- INSTRUCTIONS FOR THE TASK -
Retype the entries exactly, but skip the pictures.

- Caption-style text data -

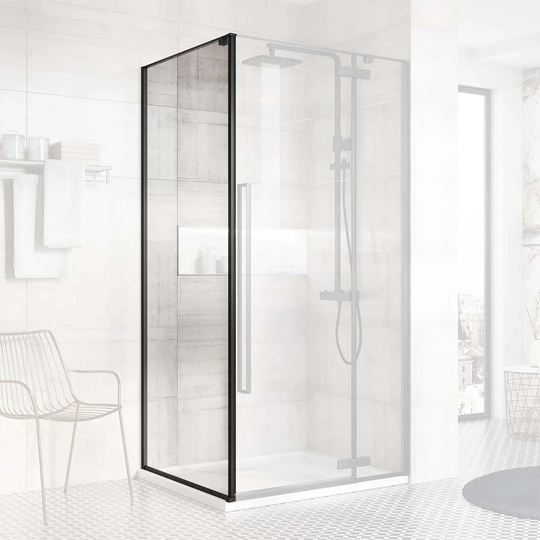 Perryville 1mm Glass Fixed Shower Screen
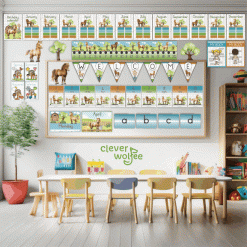 Alternative view of Farm: Horses Class theme - Preschool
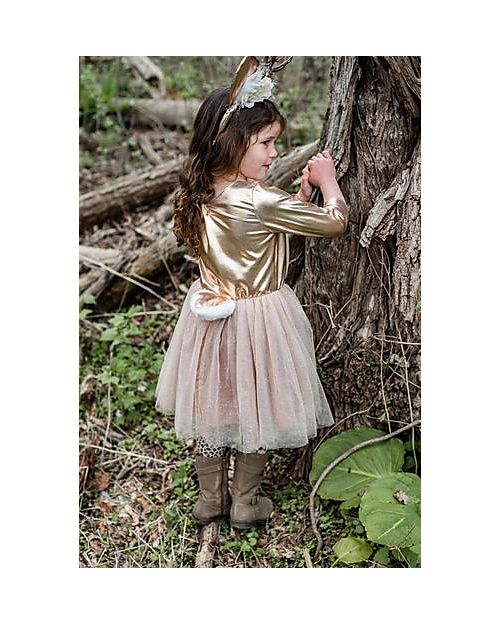 Great Pretenders Woodland Princess Costume - Deer - Headband Included! Dressing Up & Role Play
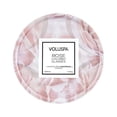 thumbnail image 2 of Vasos de color rosa Candle Voluspa, lata de 2 mecha, 175 ml, 2 of 3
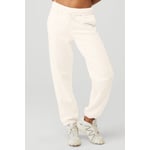 Track Stock of Alo Accolade Sweatpant - Ivory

- RESPONSE -
 Perryville 1mm Glass Fixed Shower Screen
 Alternative view of Farm: Horses Class theme - Preschool
 Great Pretenders Woodland Princess Costume - Deer - Headband Included! Dressing Up & Role Play
 thumbnail image 2 of Vasos de color rosa Candle Voluspa, lata de 2 mecha, 175 ml, 2 of 3
 Track Stock of Alo Accolade Sweatpant - Ivory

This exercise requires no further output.